- Task brief:
Every record that follows should be copied exactly. No picture belongs in the copy.

- Records for the task:

--

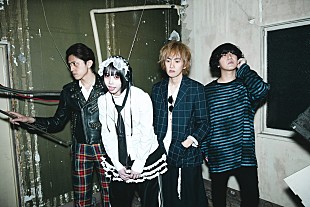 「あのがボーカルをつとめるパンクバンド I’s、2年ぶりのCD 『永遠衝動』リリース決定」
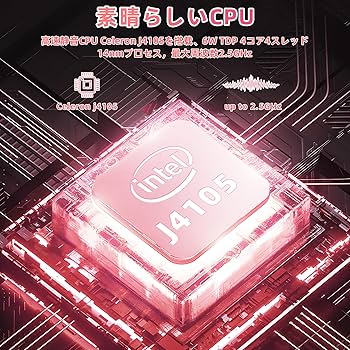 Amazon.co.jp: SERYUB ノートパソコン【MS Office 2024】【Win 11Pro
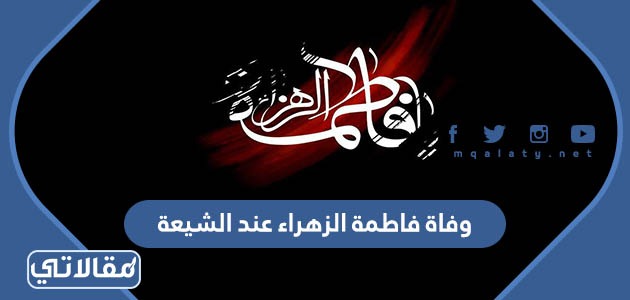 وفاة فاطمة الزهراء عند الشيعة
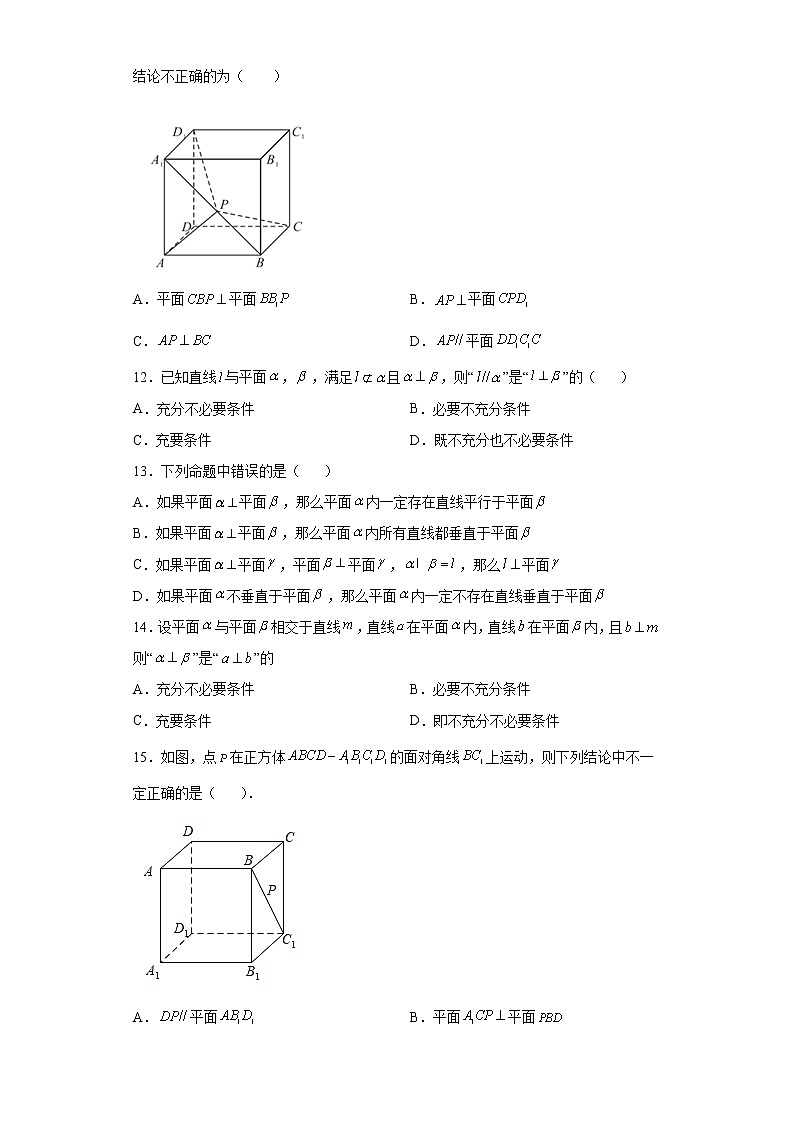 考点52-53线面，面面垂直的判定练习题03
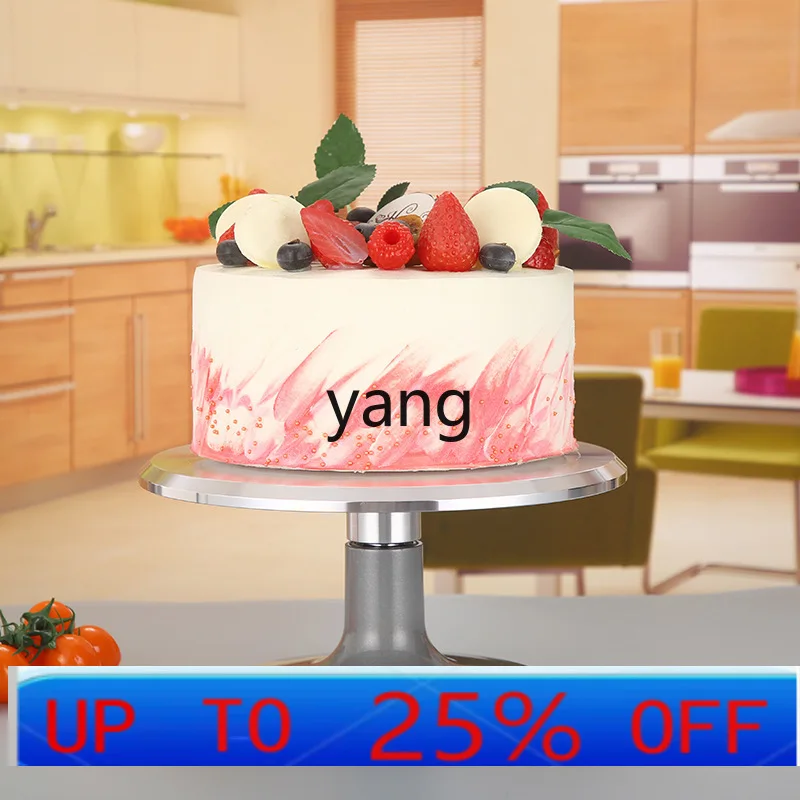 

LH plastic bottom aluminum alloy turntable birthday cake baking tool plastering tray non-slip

--

- Solution:
 「あのがボーカルをつとめるパンクバンド I’s、2年ぶりのCD 『永遠衝動』リリース決定」
 Amazon.co.jp: SERYUB ノートパソコン【MS Office 2024】【Win 11Pro
 وفاة فاطمة الزهراء عند الشيعة
 考点52-53线面，面面垂直的判定练习题03

LH plastic bottom aluminum alloy turntable birthday cake baking tool plastering tray non-slip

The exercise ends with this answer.